George and Ruth have planted thousands of trees on the 50 acre property, installed 132 solar panels and adopted sustainable design principles in the architecture of their buildings. Recouping costs immediately, George says he hasn’t paid for electricity for five years and looks forward to not paying for energy over the next 30. All the wine is produced from grapes grown onsite, and with and environmentally clean conscience and that intoxicating landscape, it is very easy to enjoy the selection of wines on offer at the monthly cellar door tastings.
About half the vineyard (2.1 hectares) is dedicated to pinot grapes, just under one hectare each to shiraz and riesling, and a small area for pinot gris. With a focus on balanced, healthy vines that supply quality, low-yielding grapes, the wines display “elegance and intensity – but always a purity of varietal expression,” in the winemakers own words. George and Ruth sell about 70 per cent of their wine to top-end restaurants around Australia, and the rest is available through mailing lists and at the cellar door.
Using his scientific qualifications and experience to full effect, as well as receiving a little mentoring from his friend Nat White at Main Ridge Estate, George has become a very particular winemaker, and a well regarded one in the area. He can be found taking customers through each wine at tastings, with food prepared by Ruth to specifically match the wines. The cellar door is a natural, warm and inviting experience; one not simply about tasting the wine but appreciating the full experience in an atmosphere that is just like visiting someone in their home kitchen.

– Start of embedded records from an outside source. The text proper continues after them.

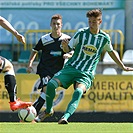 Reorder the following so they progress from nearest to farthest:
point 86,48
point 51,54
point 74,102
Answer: point 74,102, point 86,48, point 51,54

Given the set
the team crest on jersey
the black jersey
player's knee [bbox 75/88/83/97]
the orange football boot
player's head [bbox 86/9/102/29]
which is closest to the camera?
the orange football boot

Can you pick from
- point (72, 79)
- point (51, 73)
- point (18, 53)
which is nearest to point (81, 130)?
point (72, 79)

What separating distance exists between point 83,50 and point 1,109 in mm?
5487

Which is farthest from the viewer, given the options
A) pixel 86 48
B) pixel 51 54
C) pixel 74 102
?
pixel 51 54

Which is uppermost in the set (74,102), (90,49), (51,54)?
(90,49)

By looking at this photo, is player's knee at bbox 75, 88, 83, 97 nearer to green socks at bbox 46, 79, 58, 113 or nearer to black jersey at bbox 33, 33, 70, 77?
green socks at bbox 46, 79, 58, 113

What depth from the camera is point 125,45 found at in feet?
57.4

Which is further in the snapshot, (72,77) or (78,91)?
(72,77)

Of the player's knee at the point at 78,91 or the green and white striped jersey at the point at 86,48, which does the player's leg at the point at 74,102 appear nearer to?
the player's knee at the point at 78,91

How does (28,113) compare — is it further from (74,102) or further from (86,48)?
(86,48)

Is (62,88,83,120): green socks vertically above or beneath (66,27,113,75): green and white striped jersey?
beneath

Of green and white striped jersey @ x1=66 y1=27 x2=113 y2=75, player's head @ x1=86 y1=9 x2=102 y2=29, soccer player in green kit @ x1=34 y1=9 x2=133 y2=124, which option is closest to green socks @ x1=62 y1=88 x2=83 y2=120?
soccer player in green kit @ x1=34 y1=9 x2=133 y2=124

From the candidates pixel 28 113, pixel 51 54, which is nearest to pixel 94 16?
pixel 28 113

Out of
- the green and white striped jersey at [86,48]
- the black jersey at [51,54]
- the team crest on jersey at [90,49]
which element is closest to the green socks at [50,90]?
the green and white striped jersey at [86,48] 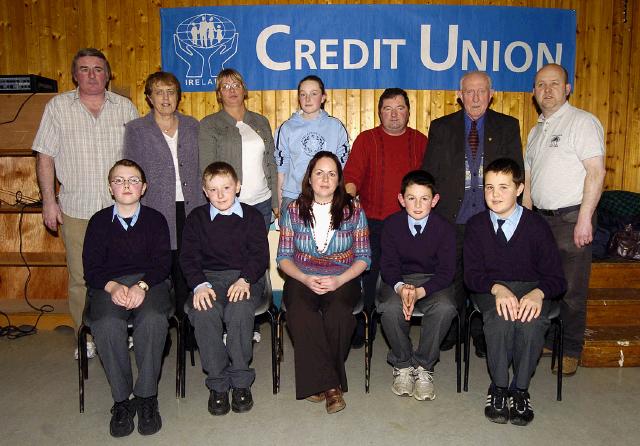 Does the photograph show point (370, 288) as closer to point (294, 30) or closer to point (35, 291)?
point (294, 30)

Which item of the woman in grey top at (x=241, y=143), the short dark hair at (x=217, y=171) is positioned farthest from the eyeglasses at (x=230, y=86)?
the short dark hair at (x=217, y=171)

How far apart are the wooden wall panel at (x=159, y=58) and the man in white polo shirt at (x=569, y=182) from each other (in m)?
1.50

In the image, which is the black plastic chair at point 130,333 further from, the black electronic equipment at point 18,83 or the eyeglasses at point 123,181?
the black electronic equipment at point 18,83

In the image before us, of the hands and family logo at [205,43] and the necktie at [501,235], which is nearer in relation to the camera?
the necktie at [501,235]

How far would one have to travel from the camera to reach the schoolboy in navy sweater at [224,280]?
2.65 m

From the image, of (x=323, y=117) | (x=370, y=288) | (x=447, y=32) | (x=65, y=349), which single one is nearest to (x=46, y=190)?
(x=65, y=349)

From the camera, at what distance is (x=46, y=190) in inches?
129

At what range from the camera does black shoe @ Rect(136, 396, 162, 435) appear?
244 centimetres

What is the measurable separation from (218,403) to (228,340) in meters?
0.33

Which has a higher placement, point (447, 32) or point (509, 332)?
point (447, 32)

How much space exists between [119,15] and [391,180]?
9.81ft

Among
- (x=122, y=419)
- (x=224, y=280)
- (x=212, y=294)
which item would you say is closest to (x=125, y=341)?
(x=122, y=419)

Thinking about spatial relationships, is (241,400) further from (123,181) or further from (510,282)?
(510,282)

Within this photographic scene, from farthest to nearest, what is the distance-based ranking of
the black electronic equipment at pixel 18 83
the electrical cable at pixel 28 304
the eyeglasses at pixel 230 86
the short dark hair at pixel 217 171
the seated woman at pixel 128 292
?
1. the black electronic equipment at pixel 18 83
2. the electrical cable at pixel 28 304
3. the eyeglasses at pixel 230 86
4. the short dark hair at pixel 217 171
5. the seated woman at pixel 128 292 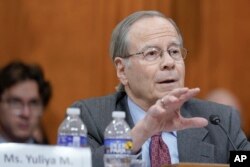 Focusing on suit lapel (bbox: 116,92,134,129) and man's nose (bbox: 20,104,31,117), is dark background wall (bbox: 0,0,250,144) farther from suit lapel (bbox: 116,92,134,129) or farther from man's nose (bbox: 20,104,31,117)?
suit lapel (bbox: 116,92,134,129)

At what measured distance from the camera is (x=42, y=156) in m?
1.77

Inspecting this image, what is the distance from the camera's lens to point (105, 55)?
4.29 metres

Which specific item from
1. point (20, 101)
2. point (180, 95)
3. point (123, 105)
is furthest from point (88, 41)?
point (180, 95)

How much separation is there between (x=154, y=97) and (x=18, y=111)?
112cm

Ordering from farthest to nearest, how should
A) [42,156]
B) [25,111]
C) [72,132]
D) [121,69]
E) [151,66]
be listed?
[25,111] → [121,69] → [151,66] → [72,132] → [42,156]

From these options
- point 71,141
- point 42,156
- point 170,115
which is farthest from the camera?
point 170,115

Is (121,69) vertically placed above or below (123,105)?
above

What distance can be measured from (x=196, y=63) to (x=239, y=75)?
1.13ft

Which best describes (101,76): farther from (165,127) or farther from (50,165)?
(50,165)

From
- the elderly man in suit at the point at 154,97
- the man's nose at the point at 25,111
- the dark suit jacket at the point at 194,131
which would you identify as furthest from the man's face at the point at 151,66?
the man's nose at the point at 25,111

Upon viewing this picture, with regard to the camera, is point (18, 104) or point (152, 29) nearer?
point (152, 29)

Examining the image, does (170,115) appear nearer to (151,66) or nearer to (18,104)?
(151,66)

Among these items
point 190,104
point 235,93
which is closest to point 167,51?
point 190,104

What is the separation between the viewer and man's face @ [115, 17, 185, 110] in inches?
105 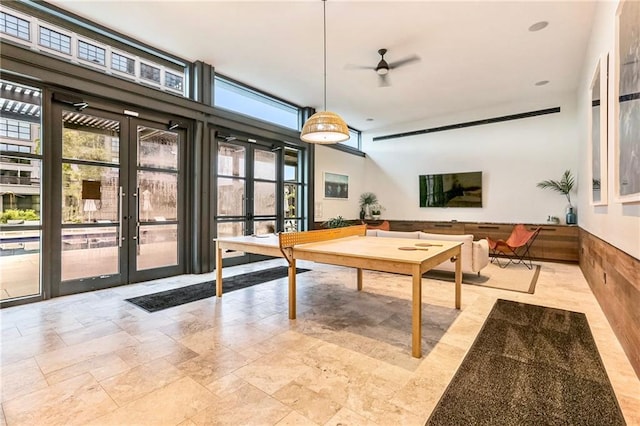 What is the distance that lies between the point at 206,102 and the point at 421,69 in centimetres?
375

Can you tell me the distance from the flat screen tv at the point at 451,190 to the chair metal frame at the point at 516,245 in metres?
1.32

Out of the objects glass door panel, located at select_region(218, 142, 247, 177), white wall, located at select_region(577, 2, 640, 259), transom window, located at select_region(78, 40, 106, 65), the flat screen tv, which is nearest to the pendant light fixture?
white wall, located at select_region(577, 2, 640, 259)

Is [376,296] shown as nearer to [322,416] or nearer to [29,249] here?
[322,416]

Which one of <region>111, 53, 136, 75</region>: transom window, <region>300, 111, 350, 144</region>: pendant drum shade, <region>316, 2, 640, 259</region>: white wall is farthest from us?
<region>316, 2, 640, 259</region>: white wall

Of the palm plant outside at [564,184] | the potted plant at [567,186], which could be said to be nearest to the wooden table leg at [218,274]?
the potted plant at [567,186]

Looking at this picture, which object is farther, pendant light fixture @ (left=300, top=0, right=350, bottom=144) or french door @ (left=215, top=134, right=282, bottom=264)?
french door @ (left=215, top=134, right=282, bottom=264)

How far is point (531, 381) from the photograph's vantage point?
2.01m

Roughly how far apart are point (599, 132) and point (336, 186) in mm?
5638

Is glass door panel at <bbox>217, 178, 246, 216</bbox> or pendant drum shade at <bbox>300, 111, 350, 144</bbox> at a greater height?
pendant drum shade at <bbox>300, 111, 350, 144</bbox>

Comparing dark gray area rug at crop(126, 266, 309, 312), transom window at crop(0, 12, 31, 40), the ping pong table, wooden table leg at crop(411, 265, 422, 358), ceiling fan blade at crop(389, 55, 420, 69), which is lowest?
dark gray area rug at crop(126, 266, 309, 312)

They describe their driving philosophy as an “obsessive pursuit of quality and commitment to ecologically responsible practices”.
The couple have always been passionate about wine and food, as well as the environment, but it took a shift in lifestyle for them to break from the comfortable status quo and establish their dream – an environmentally sustainable home and vineyard on the Mornington Peninsula that passively encourages through demonstration a new way of doing business.
Stop by for a tasting one day and check out what George and Ruth have done – chances are you’ll have a deliciously inspirational experience.